Possono partecipare autori con opere a tema libero purché inedite, scritte in lingua italiana. Le opere di autori stranieri dovranno essere accompagnate dalla traduzione.

  • L’iniziativa editoriale si articola in due sezioni:
    SEZIONE A: Poesia (Da 30 a 50 poesie raccolte in fascicolo).
    SEZIONE B: Narrativa (romanzo, saggio o raccolta di racconti non superiore alle 50 cartelle dattiloscritte).
  • Non è consentita la partecipazione ad entrambe le sezioni.
  • Le opere devono pervenire all’Associazione Culturale “Il Paese che non c’è” – via Sant’Alessandro, 32 – 24121 Bergamo, a mezzo posta prioritaria, entro la scadenza del 31 GENNAIO 2013.

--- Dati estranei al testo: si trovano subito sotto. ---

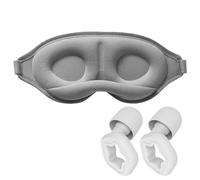 Blackout Sleep Masks for Women&Men Cotton Sleep Eye Mask for Sleeping with Adjustable Strap 3D Contoured Cup Blindfold Includes a Storage Pouch,2 Pair Noise Cancelling Ear Plugs for Travel,Work-Grey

  • Di ogni composizione devono essere inviate 3 (tre) copie dattiloscritte o fotocopiate purché leggibili. Solo una copia dovrà contenere nome, cognome, indirizzo e recapito telefonico ed email del concorrente.

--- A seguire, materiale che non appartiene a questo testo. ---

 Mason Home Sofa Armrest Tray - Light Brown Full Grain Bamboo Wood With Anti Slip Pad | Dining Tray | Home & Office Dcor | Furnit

  • Saranno scartate, senza che sia dovuta comunicazione al concorrente, quelle opere che non risponderanno a quanto richiesto nei precedenti articoli.
  • Le opere non saranno restituite. L’Associazione non è tenuta ad alcuna comunicazione sull’esito del concorso ai concorrenti non premiati o segnalati; i risultati del premio saranno resi noti mediante pubblicazione sulla stampa specializzata.

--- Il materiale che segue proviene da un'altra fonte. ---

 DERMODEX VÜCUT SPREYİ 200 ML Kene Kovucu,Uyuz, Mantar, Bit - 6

  • I nomi dei componenti la giuria saranno resi noti durante la cerimonia di premiazione che si terrà in data e luogo da destinarsi.
  • Al vincitore verrà offerta la pubblicazione.
    I primi dieci classificati riceveranno interessanti proposte editoriali.

 

  • E’ gradito un libero contributo da inviare con gli elaborati.
  • La partecipazione all’iniziativa editoriale implica l’accettazione incondizionata di tutte le norme del presente regolamento. Per ogni controversia è competente il Comitato Organizzatore.

Considerato il laborioso compito della giuria, si ringraziano gli autori che avendone la possibilità, invieranno le proprie opere prontamente e non nei giorni prossimi la scadenza.